■ HOW TO COMPLETE THIS TASK
With pictures left out, retype the lines from the start of the records through the one that contains "Fotografija L’aigle Impérial".

■ GIVEN ENTRIES
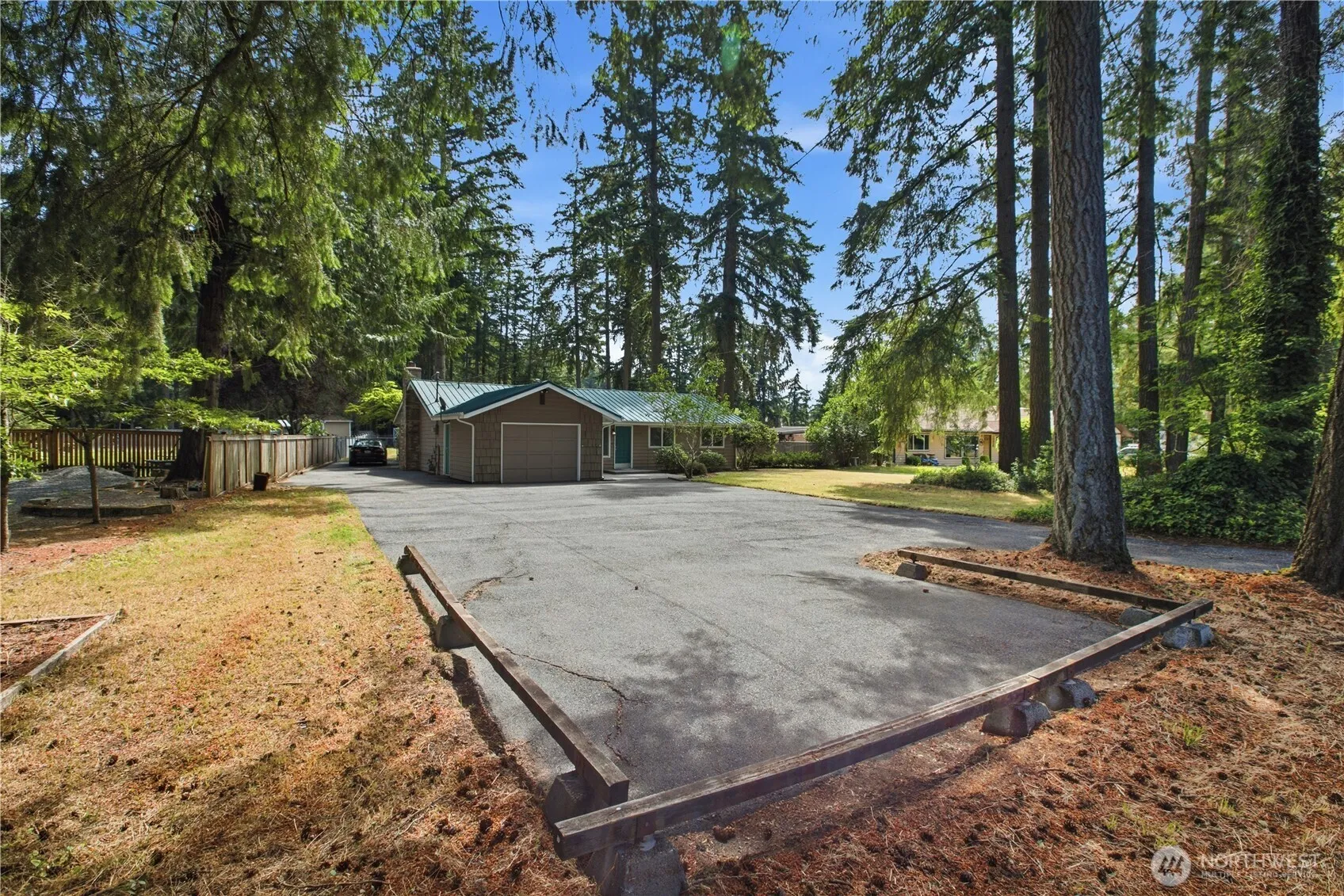 Property photo for 16200 Avondale Rd Ne, Woodinville
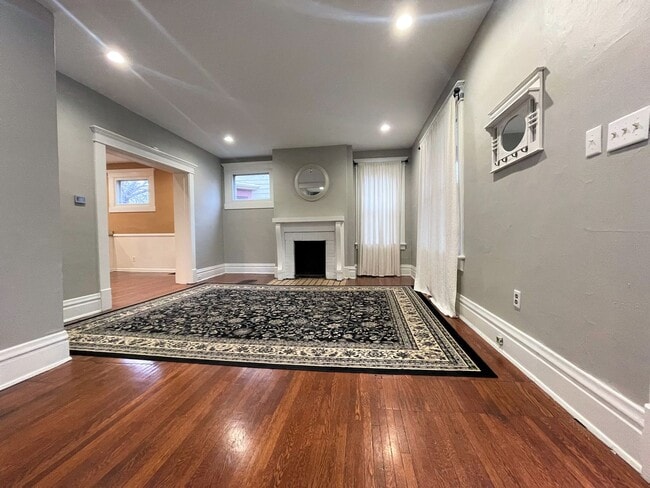 Building Photo - 381 Alden Ave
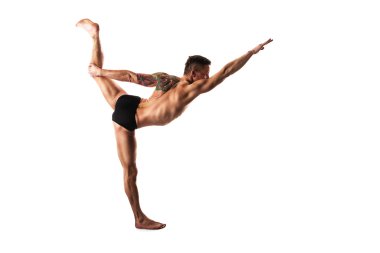 Yoga sınıfı, dansçının duruş, bir derin göğüs saptırma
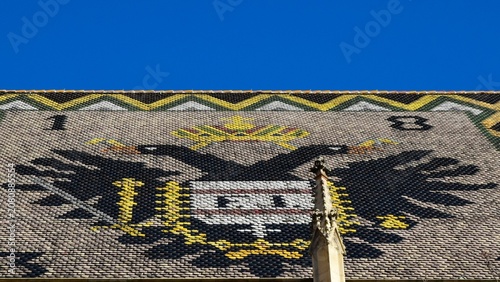 Fotografija L’aigle Impérial bicéphale décorant le versant sud du toit en tuiles vernissée d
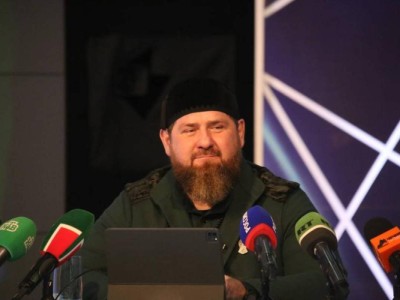 Шешенстан балаларды да соғыстың пропагандасы ретінде пайдаланып отыр (ВИДЕО)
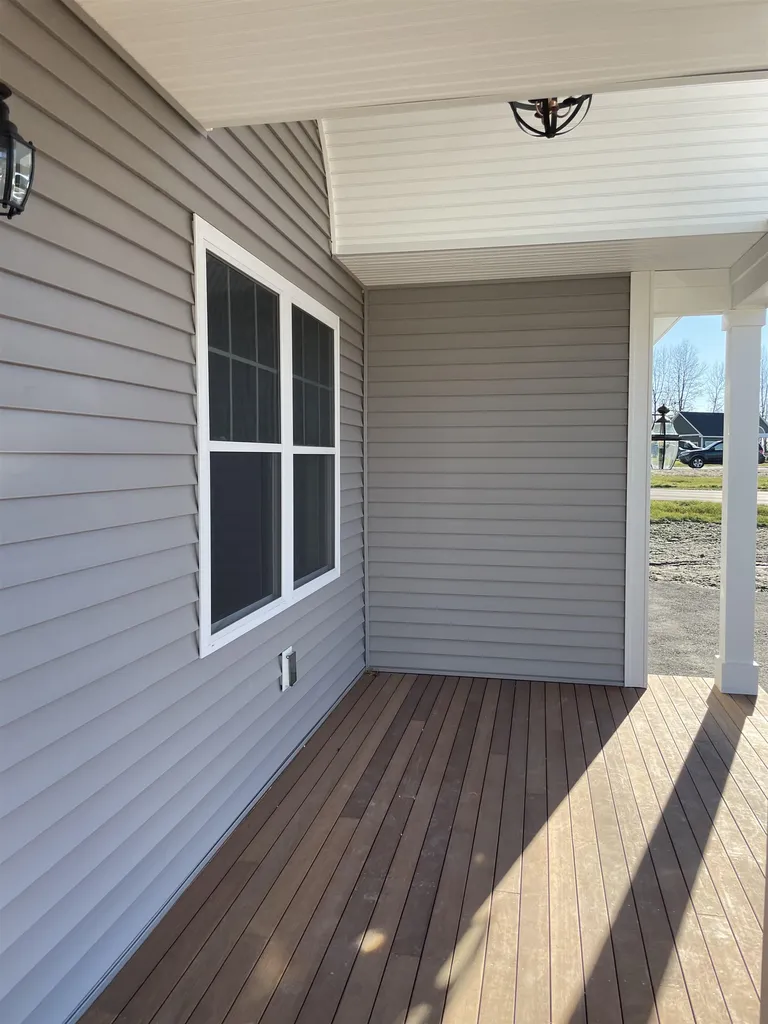 27 Luna Circle Somersworth NH 03878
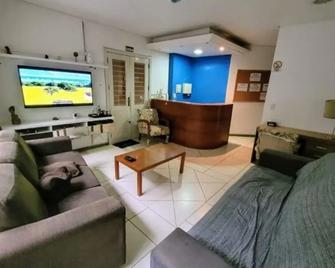 Man's Place Hostel Masculino - Porto Alegre - Living room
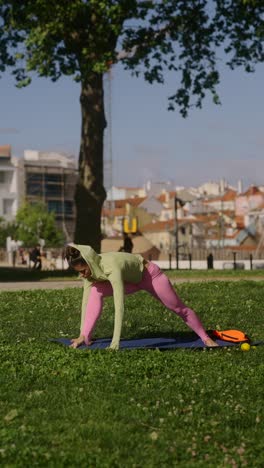 mujer practicando yoga en un parque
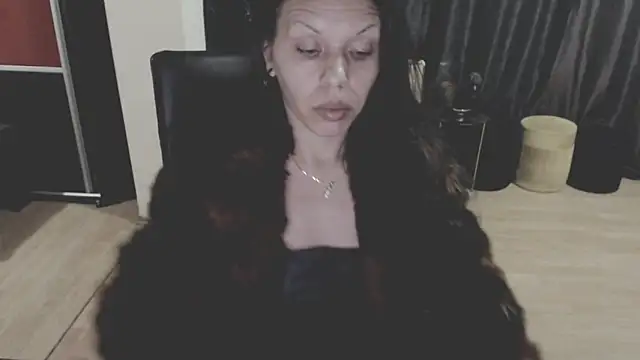 Chat XXX en directo de GoldenSasha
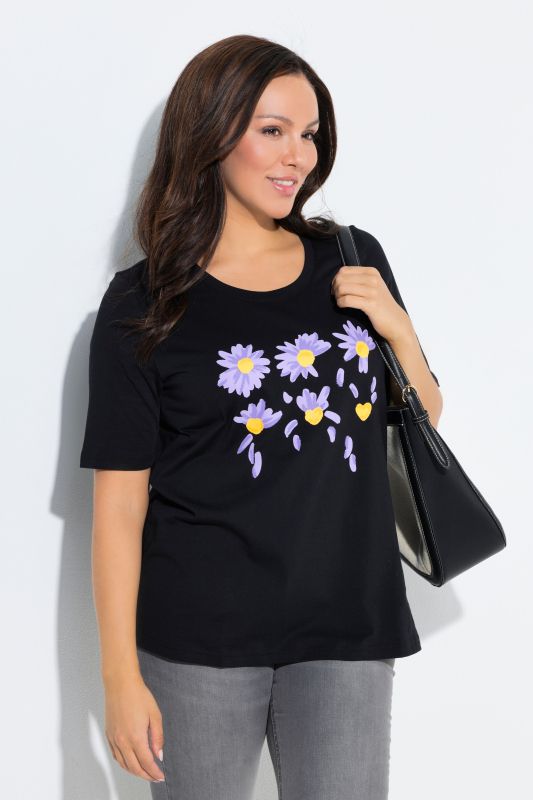 Loves Me Graphic Tee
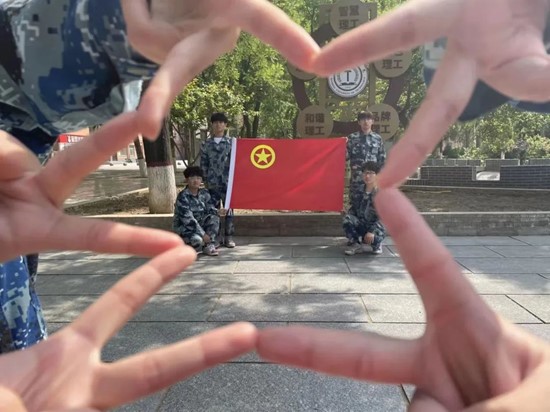 傳五四薪火 賀青年之節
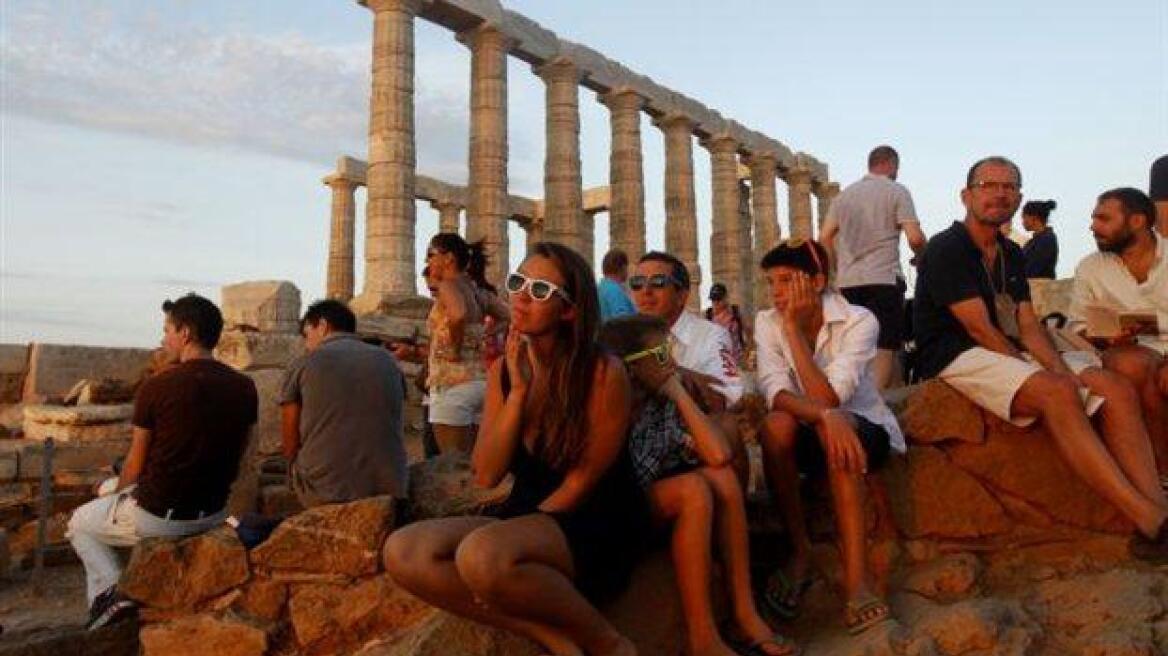 Σχεδόν τρία εκατ. τουρίστες επισκέφθηκαν την Ελλάδα τον Σεπτέμβρη 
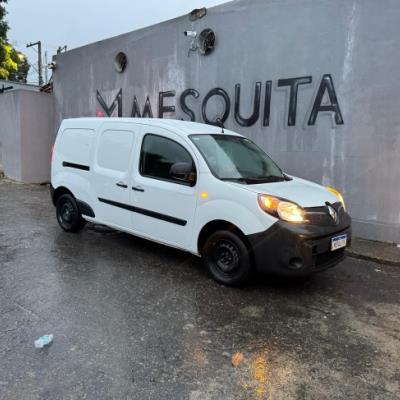 RENAULT KANGOO FURGÃO Z.E MAXI 44KW 2023 – AMARELA – ELÉTRICA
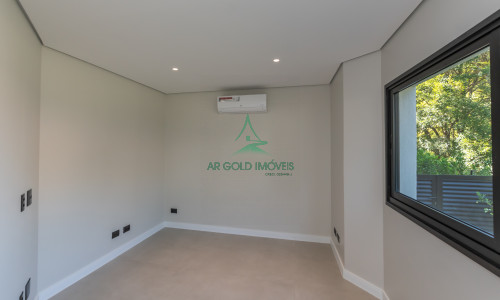 Casa à Venda em Alphaville | 516m² | 4 Suítes | Piscina com Spa | 12 Vagas | Alphaville 10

■ SOLUTION TO THE EXERCISE
 Property photo for 16200 Avondale Rd Ne, Woodinville
 Building Photo - 381 Alden Ave
 Yoga sınıfı, dansçının duruş, bir derin göğüs saptırma
 Fotografija L’aigle Impérial bicéphale décorant le versant sud du toit en tuiles vernissée d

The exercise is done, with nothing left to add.